And the Word was RAM. Many say that the first manifestation of sound was AUM, but as far as Maharajji was concerned, everything revolved around RamRamRamRam. He’d be sitting quietly on his tucket, rocking and swaying to the silent tune of Ram. Sometimes he chanted RamRam (go to the home page of www.nkbashram.org and you can hear him chanting Ram). He didn’t use a mala, but would touch each joint of his fingers with his thumb, over and over again, as he did his Ram Nam. He told us, “By taking the name of Ram, everything is accomplished.”

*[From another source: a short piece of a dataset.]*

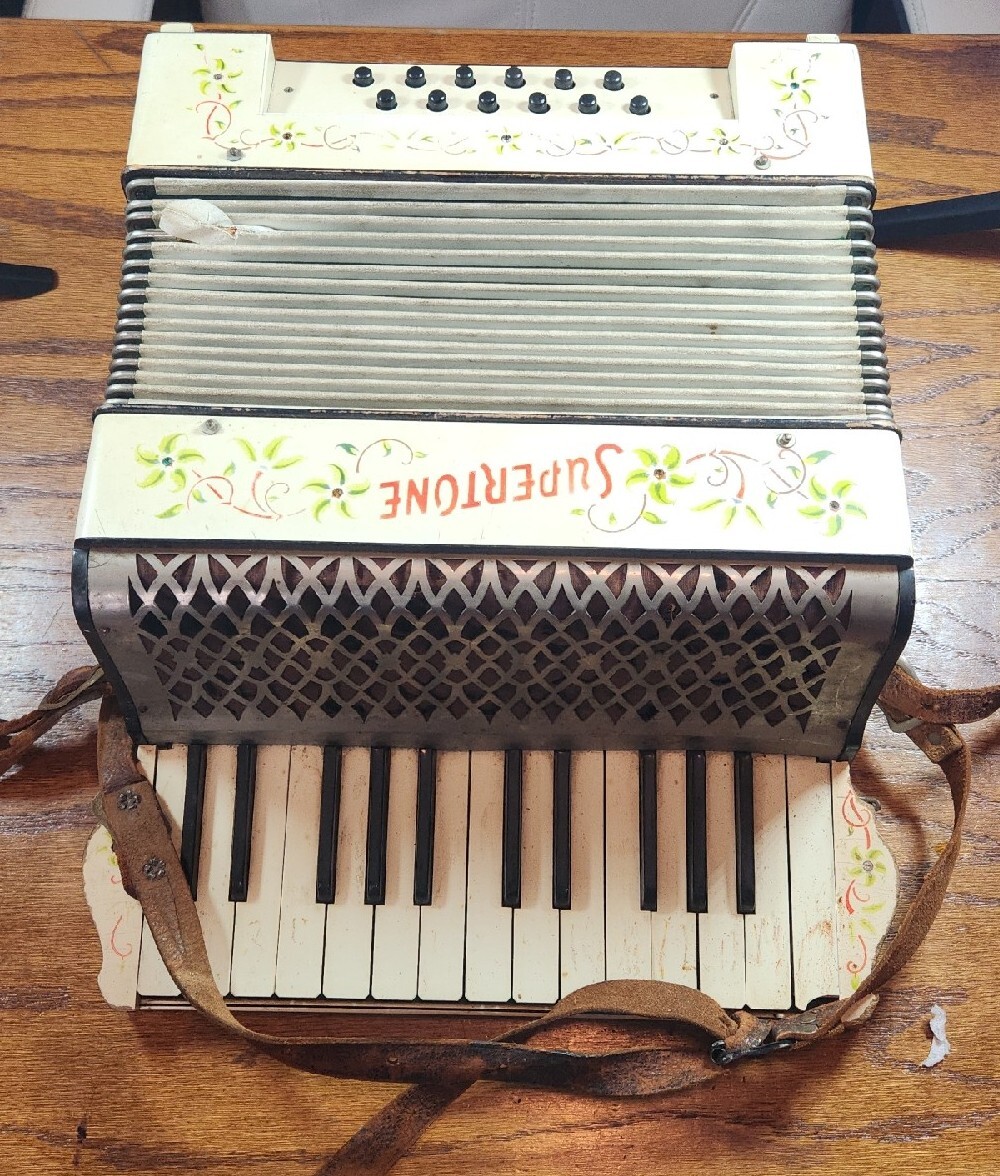Vintage German Supertone Accordian 12 Bass Keys | eBay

By the time I got to India, I was already on the RamRam bandwagon, having impressed the sound onto the wooden mala Ram Dass had given me in New Hampshire that summer on his father’s farm. He had attached a little thread of Maharajji’s blanket to the end of the “guru bead” on the mala, and it was amazing the amount of connection that little thread had . . . . it pulled me right to India. Of course, I’ve had many different malas since then, and used a number of different mantras over the years to connect to certain energies, but RamRam has always been home base.

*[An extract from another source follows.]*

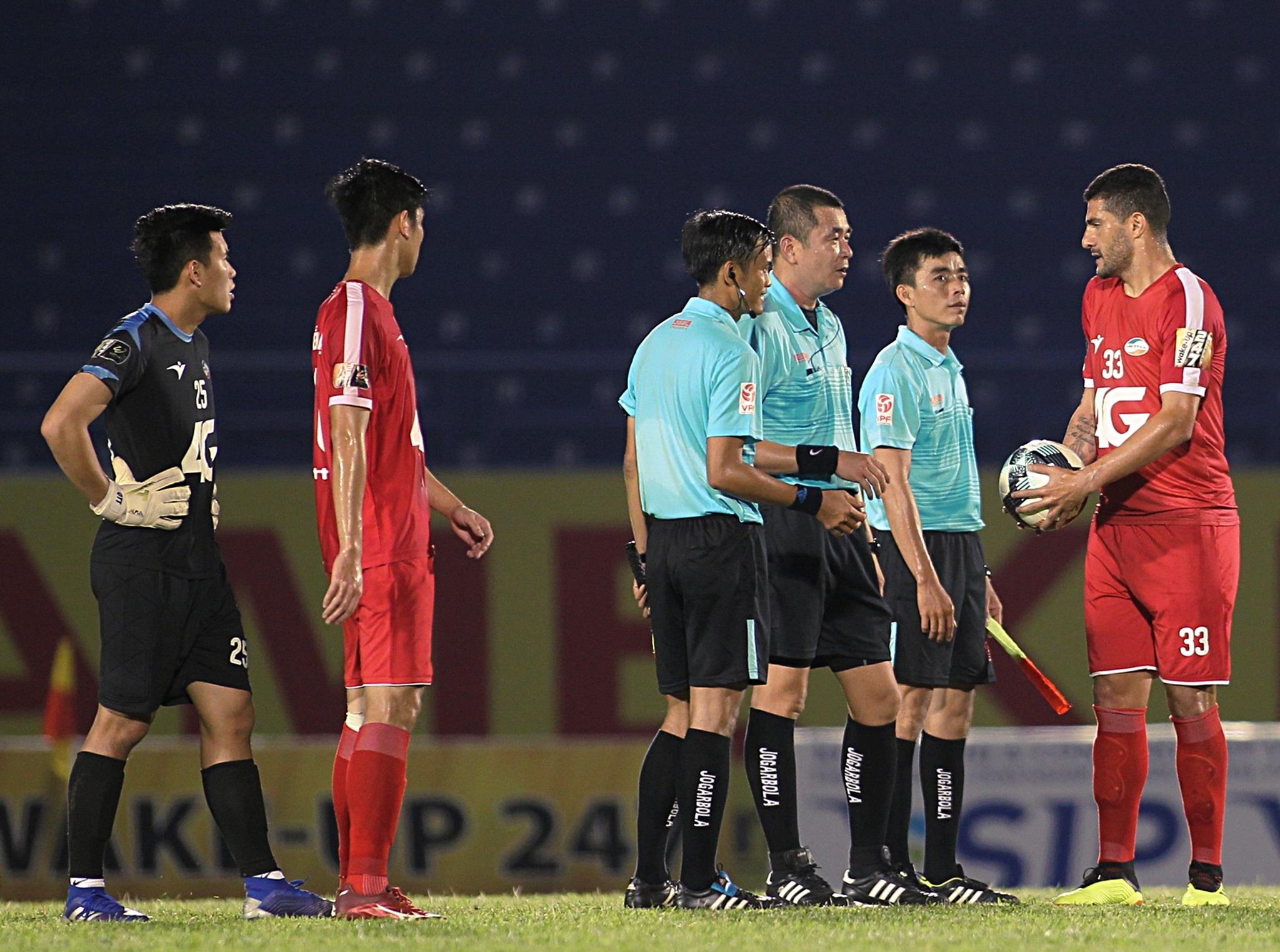 ban thang tranh cai binh duong viettel,  trong tai gay tranh cai binh duong viettel anh 9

Ram. That simple word is more than just the name of Rama, the avatar of Vishnu and hero of the Ramayana, or the name of the formless Absolute. It’s a seed syllable for the element of fire, and it certainly plunged us into the cauldron, burning in the fire of love. Many people mistakenly think that our time with Maharajji was all grace and bliss. Grace, certainly. Bliss, well, sometimes. When the light is so very bright, as it was in his presence, everything that’s buried within you, all your shadow stuff, comes up and looms larger and darker than you can imagine. I spent many hours sitting on a rock in the river that runs behind the ashram in Kainchi, crying my heart out.

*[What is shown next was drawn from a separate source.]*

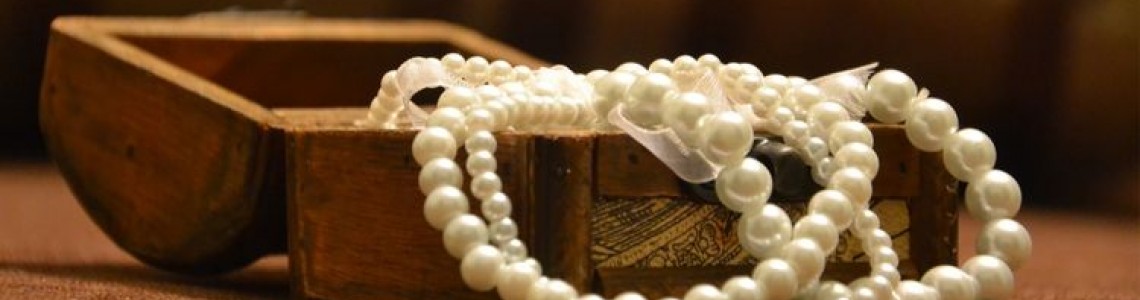 Do Real Pearls Peel? How To Avoid Damaging Your Pearls?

And Blake, part of what created such pain and suffering, even in the presence of the guru, was the confusion created by the very question that’s plaguing you about the spiritual versus the worldly. Did I have to be a disciplined and unattached yogi to “go to God,” or was it okay to be simply a sloppy bhakti who wanted to get married and have kids and nice dishes? Did I have to do rigorous practices so I could merge into the Oneness, or was it all right to kick back and have some fun in good old duality?
Over the years, I had a lot of trouble with those who answered every question or viewed every situation with an “up-level.” Like those who said about Maharajji leaving his body, “But where could he go?” and claimed not to miss his form when all I wanted was to touch his feet one more time. Sure, in Oneness, I AM all form, the breath, the river, the guru, and the void. But down here, rooted in the Mother, I’m definitely attached to my kids and grandkids and Project Runway.
And you know what? It’s all okay. Just keep saying Ram, whenever you remember to. After a while, it says you.